De repente, no entanto, o rádio começou a tossir, perdendo vida. A música tremulou até extinguir-se e chiar. O rosto da senhora escureceu e trovejou. As rugas no canto do seu olho mudaram de posição. Ela transformou-se, reclamava, invocava o regresso da melodia... Um desespero tomou conta do meu corpo também. O que eu faço? O que eu faço? Que injusto! Volta, volta, volta! De súbito comecei a me aproximar. Antes que chagasse até ela, porém, a música renasceu. Os olhos desejantes daquela mulher rebrilharam, agradeceram o retorno do velho amigo, talvez único amigo. Ela reacomodou a cabeça na cadeira, fechou novamente os olhos e sorriu.

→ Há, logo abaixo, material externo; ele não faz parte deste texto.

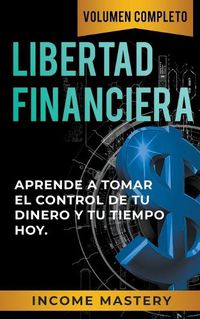 Cover image for Libertad Financiera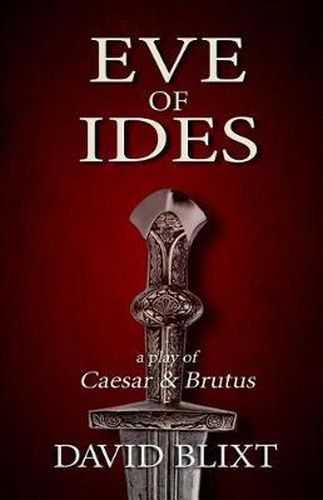 Cover image for Eve of Ides: A Play of Brutus and Caesar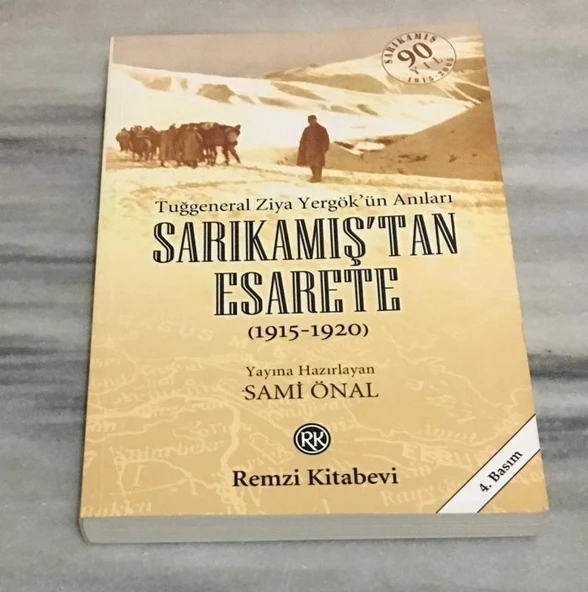 Tuğgeneral Ziya Yergök'ün Anıları SARIKAMIŞ'TAN ESARETE 1915 - 1920(Sahafiye Kitap) ürün görseli 1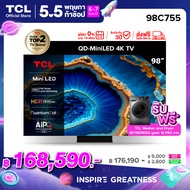 TCL ทีวี 98 นิ้ว 4K Mini QLED Google TV รุ่น 98C755 ระบบปฏิบัติการ Google/Gaming TV/Netflix &amp; Youtube &amp; 144HZ VRR - Wifi  IMAX Game Master 2.0 Freesync Premium Dolby Vision &amp; Atmos [ผ่อน 0% นาน 10 เดือน]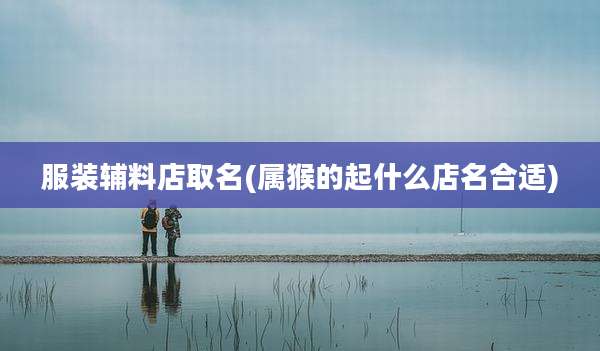 服装辅料店取名(属猴的起什么店名合适)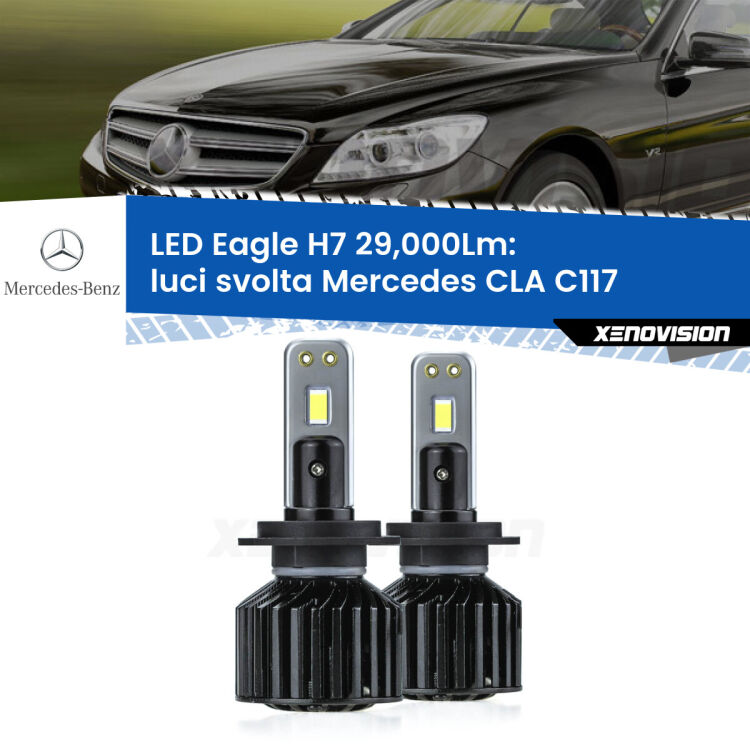 <strong>Kit luci svolta LED specifico per Mercedes CLA</strong> C117 2012 - 2019. Lampade <strong>H7</strong> Canbus da 29.000Lumen di luminosità modello Eagle Xenovision.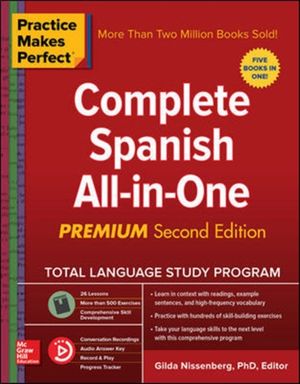 Cover Art for 9781260121056, Practice Makes Perfect: Complete Spanish All-In-One, Second Edition by Gilda Nissenberg
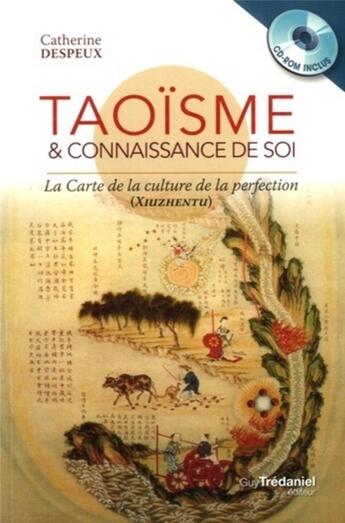 Couverture du livre « Taoïsme & connaissance de soi ; la carte de la culture de la perfection (xiuzhentu) » de Catherine Despeux aux éditions Guy Trédaniel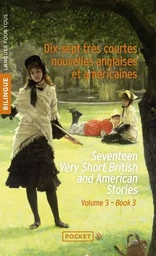 Dix-sept très courtes nouvelles anglaises et américaines / Seventeen Very Short British and American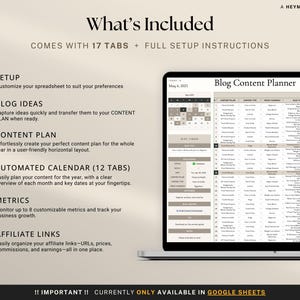 May include: A laptop screen displays a "Blog Content Planner" spreadsheet. The image includes text: "What's Included" and details about setup, blog ideas, content planning, an automated calendar, metrics, and affiliate links. The text also states the planner is only available in Google Sheets.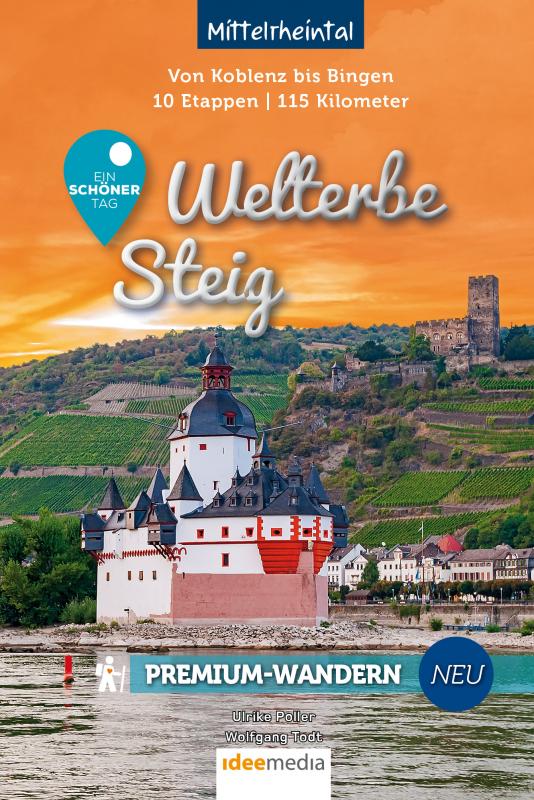 Cover-Bild Welterbesteig – Ein schöner Tag Premium-Wandern: 115 Kilometer durch die Rhein-Romantik zwischen Bingen und Koblenz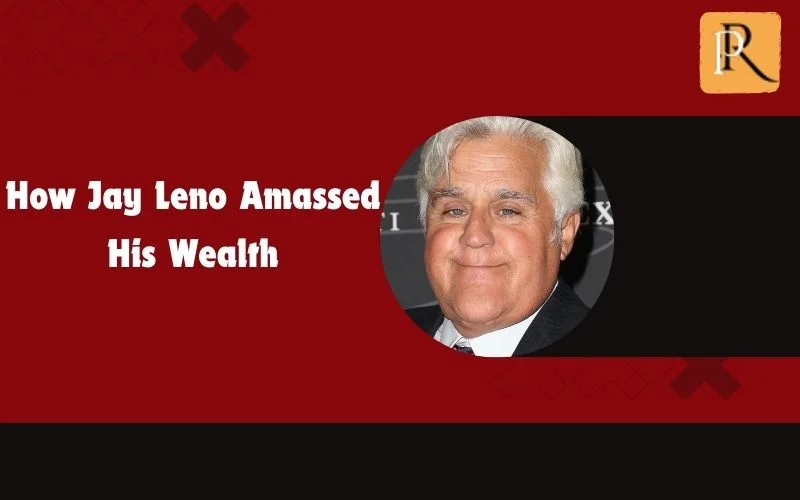 How Jay Leno accumulated his wealth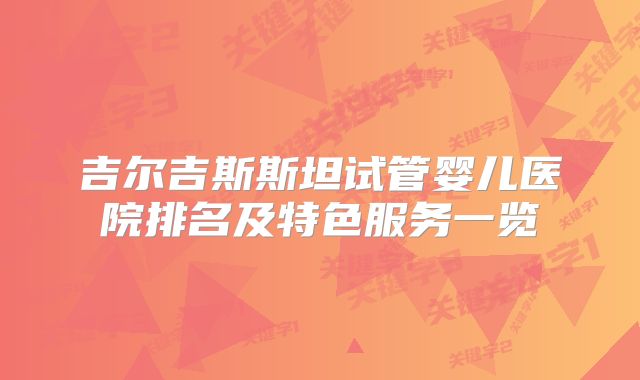 吉尔吉斯斯坦试管婴儿医院排名及特色服务一览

Não me viu. Mas eu pensei, durante dias, naquele sorriso. Sorriso epifania para questionamentos filosóficos-ontológicos-poéticos e não-conclusões.
Há de ser que o isolamento seja arrebata*dor. Que vidas sejam fechadas e sejam conduzidas por pessoas que lhe são estranhas. A imensidão do auto-encontro faz-se voo. Alma é rara.
Nós “somos” e por isso vivemos. Talvez seja essa a condição que faz do ser humano um ávido eterno por sua salvação.